# [Exercise instructions]
All the data should be repeated exactly. Any image in it is left out.

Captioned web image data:
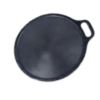 CASTORA Super Smooth Cast Iron Tawa  10 Inch | 1.95 Kg  | Pre‑seasoned | Naturally Nonstick |100% Pure Toxin‑Free | Gas & Induction Compatible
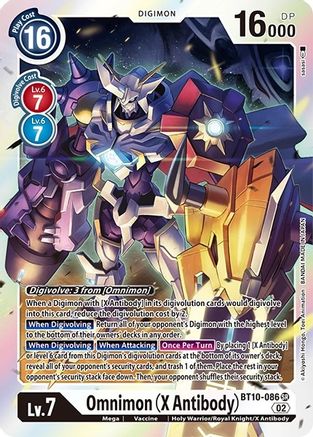 Omnimon (X Antibody) (BT10-086) - Revision Pack Cards - Premium Digimon Single from Bandai - Just $0.29! Shop now at Game Crave Tournament Store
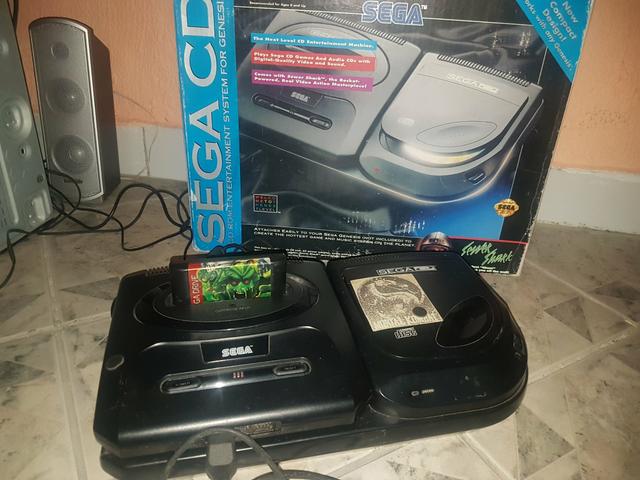 Sega Cd + Mega Drive 3 Genesis 15 Jogos Raridade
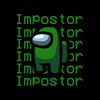 Impostor Among Us Gamer Male Tee Xmas Funny Dark Green Viral Game Retro Unisex T-Shirt - Kuzi Tees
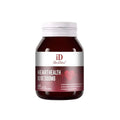 Dark brown glass bottle with white cap and silver label ibesdina vitality coenzyme tablets for energy metabolism and heart health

# [Written solution]
 CASTORA Super Smooth Cast Iron Tawa  10 Inch | 1.95 Kg  | Pre‑seasoned | Naturally Nonstick |100% Pure Toxin‑Free | Gas & Induction Compatible
 Omnimon (X Antibody) (BT10-086) - Revision Pack Cards - Premium Digimon Single from Bandai - Just $0.29! Shop now at Game Crave Tournament Store
 Sega Cd + Mega Drive 3 Genesis 15 Jogos Raridade
 Impostor Among Us Gamer Male Tee Xmas Funny Dark Green Viral Game Retro Unisex T-Shirt - Kuzi Tees
 Dark brown glass bottle with white cap and silver label ibesdina vitality coenzyme tablets for energy metabolism and heart health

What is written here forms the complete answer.